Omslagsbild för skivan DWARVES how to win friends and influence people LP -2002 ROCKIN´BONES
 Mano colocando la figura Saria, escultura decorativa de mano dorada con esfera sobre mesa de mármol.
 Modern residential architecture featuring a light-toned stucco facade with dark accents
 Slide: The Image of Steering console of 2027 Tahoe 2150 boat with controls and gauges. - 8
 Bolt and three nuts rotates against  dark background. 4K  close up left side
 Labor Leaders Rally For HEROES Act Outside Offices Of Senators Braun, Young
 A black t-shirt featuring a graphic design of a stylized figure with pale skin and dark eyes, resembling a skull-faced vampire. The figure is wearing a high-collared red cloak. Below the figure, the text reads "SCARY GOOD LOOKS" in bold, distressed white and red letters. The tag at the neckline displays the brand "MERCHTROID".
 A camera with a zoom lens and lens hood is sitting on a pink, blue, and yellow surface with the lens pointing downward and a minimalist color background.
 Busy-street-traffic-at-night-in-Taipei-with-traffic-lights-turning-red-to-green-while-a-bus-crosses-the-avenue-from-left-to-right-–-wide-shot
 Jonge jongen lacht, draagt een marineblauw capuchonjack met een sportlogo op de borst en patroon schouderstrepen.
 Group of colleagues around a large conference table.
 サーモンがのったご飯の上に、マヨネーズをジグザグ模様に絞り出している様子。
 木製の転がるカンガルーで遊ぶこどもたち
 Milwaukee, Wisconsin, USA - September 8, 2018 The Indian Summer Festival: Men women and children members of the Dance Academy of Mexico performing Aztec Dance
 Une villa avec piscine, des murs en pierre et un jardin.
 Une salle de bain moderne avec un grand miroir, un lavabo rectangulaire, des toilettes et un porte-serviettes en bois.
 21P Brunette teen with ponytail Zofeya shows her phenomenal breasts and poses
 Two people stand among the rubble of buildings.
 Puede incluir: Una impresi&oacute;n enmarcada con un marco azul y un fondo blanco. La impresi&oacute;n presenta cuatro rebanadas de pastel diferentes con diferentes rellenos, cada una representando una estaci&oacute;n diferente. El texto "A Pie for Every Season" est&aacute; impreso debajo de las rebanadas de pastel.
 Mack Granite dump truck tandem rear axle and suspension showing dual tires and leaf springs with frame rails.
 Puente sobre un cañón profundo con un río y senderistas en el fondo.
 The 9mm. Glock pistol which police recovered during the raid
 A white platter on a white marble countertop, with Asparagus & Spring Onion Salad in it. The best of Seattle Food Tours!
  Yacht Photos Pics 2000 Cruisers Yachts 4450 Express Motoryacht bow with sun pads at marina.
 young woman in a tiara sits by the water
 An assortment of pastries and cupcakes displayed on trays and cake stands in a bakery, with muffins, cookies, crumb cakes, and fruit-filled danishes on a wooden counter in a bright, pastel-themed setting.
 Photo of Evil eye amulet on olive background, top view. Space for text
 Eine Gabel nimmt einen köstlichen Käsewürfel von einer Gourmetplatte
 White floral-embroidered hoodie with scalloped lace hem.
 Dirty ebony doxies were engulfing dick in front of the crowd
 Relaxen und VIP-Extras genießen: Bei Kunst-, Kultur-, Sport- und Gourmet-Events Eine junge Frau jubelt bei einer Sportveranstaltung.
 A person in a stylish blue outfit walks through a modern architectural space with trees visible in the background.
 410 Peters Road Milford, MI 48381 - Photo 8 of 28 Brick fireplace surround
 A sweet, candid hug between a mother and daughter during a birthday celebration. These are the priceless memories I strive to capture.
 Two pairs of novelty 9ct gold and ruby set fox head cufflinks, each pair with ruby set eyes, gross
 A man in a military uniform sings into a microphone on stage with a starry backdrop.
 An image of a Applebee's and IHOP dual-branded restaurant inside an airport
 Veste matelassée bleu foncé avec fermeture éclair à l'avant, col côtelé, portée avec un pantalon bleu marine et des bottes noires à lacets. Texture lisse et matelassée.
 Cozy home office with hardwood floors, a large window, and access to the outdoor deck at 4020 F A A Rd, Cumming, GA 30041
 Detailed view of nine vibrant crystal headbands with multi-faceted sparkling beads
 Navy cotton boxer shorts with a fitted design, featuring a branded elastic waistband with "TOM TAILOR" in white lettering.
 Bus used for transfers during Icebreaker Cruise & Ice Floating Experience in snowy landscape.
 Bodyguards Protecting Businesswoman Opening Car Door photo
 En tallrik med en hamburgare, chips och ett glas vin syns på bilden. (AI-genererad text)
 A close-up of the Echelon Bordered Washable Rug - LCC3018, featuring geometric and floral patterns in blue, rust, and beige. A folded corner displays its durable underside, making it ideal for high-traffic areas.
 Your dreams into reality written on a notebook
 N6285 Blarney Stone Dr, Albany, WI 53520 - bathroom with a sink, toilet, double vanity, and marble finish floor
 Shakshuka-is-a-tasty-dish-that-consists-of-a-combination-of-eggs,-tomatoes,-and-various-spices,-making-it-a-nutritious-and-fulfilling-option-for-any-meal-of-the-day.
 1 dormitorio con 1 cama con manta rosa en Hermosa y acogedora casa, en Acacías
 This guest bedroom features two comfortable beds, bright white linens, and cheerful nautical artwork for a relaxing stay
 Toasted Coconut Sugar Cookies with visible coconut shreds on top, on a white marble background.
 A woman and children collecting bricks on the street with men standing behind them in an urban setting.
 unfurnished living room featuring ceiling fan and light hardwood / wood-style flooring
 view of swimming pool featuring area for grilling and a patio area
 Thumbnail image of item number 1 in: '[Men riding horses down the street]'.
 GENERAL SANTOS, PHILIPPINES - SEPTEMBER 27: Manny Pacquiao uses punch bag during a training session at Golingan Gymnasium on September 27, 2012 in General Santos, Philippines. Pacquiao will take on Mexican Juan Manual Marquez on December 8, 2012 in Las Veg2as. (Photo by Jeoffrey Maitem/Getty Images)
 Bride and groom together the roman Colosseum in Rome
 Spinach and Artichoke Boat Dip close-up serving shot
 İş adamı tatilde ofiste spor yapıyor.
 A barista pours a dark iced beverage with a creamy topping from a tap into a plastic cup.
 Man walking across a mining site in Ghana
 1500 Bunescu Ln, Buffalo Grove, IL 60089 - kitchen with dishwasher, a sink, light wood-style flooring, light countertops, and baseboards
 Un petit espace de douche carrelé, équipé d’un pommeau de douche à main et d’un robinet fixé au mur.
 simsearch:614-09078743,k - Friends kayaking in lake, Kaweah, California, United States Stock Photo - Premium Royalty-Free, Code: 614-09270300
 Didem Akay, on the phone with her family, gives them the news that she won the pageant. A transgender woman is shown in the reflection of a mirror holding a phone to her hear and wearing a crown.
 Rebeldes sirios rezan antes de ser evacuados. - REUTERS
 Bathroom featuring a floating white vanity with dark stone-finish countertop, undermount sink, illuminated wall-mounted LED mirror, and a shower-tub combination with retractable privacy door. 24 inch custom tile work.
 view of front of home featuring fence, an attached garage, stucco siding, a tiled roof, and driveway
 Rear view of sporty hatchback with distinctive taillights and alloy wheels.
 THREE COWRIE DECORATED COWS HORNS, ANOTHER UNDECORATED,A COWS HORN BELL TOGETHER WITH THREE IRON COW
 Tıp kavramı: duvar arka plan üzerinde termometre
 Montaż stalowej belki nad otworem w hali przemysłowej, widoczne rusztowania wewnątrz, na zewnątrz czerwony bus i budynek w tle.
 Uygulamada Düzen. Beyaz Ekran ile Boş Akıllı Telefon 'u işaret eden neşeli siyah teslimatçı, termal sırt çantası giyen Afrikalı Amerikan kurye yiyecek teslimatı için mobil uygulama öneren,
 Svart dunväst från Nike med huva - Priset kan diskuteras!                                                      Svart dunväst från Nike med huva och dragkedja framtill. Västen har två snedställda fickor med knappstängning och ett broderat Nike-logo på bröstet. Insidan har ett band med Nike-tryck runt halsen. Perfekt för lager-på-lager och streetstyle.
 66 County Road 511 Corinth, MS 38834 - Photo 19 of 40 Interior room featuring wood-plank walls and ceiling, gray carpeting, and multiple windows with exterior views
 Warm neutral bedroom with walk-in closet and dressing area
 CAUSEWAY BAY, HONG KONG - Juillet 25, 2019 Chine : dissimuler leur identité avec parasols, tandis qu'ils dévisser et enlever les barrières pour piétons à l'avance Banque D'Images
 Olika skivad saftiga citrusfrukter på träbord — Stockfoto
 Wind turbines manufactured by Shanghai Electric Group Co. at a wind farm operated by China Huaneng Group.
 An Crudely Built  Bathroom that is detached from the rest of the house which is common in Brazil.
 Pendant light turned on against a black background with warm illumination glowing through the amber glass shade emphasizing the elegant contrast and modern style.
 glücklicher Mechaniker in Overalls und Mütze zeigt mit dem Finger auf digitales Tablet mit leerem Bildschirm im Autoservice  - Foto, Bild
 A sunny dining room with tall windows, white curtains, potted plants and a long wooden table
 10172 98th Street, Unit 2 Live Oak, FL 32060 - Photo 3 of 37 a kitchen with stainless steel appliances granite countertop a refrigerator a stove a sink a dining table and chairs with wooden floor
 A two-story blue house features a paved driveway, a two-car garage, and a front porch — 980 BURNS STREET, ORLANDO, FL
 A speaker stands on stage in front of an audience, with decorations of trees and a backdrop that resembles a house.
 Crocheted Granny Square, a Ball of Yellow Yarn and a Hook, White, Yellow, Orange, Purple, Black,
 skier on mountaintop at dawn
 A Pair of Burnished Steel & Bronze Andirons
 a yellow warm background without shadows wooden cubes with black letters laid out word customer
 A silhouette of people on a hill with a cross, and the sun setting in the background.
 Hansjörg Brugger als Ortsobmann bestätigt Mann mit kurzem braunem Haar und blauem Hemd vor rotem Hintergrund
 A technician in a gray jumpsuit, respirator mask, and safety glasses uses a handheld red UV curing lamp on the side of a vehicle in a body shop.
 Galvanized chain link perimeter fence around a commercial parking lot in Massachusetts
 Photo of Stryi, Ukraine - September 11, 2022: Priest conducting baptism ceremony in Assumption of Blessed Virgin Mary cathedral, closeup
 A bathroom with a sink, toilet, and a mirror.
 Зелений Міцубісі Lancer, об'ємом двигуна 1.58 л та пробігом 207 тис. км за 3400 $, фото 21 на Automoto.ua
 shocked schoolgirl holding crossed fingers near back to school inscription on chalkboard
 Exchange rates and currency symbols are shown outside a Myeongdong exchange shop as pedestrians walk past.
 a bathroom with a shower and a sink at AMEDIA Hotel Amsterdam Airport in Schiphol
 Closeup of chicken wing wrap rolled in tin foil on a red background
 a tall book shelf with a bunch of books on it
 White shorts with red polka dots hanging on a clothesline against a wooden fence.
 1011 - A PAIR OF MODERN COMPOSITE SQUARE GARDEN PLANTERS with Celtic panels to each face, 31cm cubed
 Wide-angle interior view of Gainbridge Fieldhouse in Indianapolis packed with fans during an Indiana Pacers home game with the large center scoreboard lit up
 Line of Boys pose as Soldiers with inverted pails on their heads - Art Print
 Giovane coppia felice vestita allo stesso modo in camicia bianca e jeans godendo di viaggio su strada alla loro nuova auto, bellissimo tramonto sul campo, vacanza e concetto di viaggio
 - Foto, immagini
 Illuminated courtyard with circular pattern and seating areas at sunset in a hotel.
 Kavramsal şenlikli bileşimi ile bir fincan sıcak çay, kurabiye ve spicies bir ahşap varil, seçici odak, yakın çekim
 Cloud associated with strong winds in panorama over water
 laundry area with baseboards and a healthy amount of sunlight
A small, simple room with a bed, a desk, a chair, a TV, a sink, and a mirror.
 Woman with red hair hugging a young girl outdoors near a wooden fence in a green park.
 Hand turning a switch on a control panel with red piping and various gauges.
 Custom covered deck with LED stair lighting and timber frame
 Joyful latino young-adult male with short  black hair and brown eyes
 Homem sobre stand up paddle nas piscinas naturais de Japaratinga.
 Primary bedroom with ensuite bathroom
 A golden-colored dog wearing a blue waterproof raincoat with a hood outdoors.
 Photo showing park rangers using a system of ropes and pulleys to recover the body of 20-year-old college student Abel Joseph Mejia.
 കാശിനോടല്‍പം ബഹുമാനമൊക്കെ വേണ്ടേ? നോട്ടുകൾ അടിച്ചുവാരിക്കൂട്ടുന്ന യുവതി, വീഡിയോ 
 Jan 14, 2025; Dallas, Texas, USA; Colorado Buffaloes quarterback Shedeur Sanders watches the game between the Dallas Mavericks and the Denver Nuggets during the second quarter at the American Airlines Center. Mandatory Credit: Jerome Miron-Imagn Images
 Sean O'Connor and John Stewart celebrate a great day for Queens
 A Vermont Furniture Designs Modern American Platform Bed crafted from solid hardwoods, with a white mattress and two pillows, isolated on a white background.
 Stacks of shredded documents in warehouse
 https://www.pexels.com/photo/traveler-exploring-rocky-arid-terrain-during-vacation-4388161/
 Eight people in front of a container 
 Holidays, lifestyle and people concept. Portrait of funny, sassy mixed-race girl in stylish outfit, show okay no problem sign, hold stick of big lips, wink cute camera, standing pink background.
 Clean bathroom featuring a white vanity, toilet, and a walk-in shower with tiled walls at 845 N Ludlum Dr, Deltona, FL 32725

EXERCISE GOAL: Of the lines above, extract only those from the line with "Milwaukee, Wisconsin, USA" to the line with "Mack Granite dump", both included, exactly as written.

FINAL ANSWER:
 Milwaukee, Wisconsin, USA - September 8, 2018 The Indian Summer Festival: Men women and children members of the Dance Academy of Mexico performing Aztec Dance
 Une villa avec piscine, des murs en pierre et un jardin.
 Une salle de bain moderne avec un grand miroir, un lavabo rectangulaire, des toilettes et un porte-serviettes en bois.
 21P Brunette teen with ponytail Zofeya shows her phenomenal breasts and poses
 Two people stand among the rubble of buildings.
 Puede incluir: Una impresi&oacute;n enmarcada con un marco azul y un fondo blanco. La impresi&oacute;n presenta cuatro rebanadas de pastel diferentes con diferentes rellenos, cada una representando una estaci&oacute;n diferente. El texto "A Pie for Every Season" est&aacute; impreso debajo de las rebanadas de pastel.
 Mack Granite dump truck tandem rear axle and suspension showing dual tires and leaf springs with frame rails.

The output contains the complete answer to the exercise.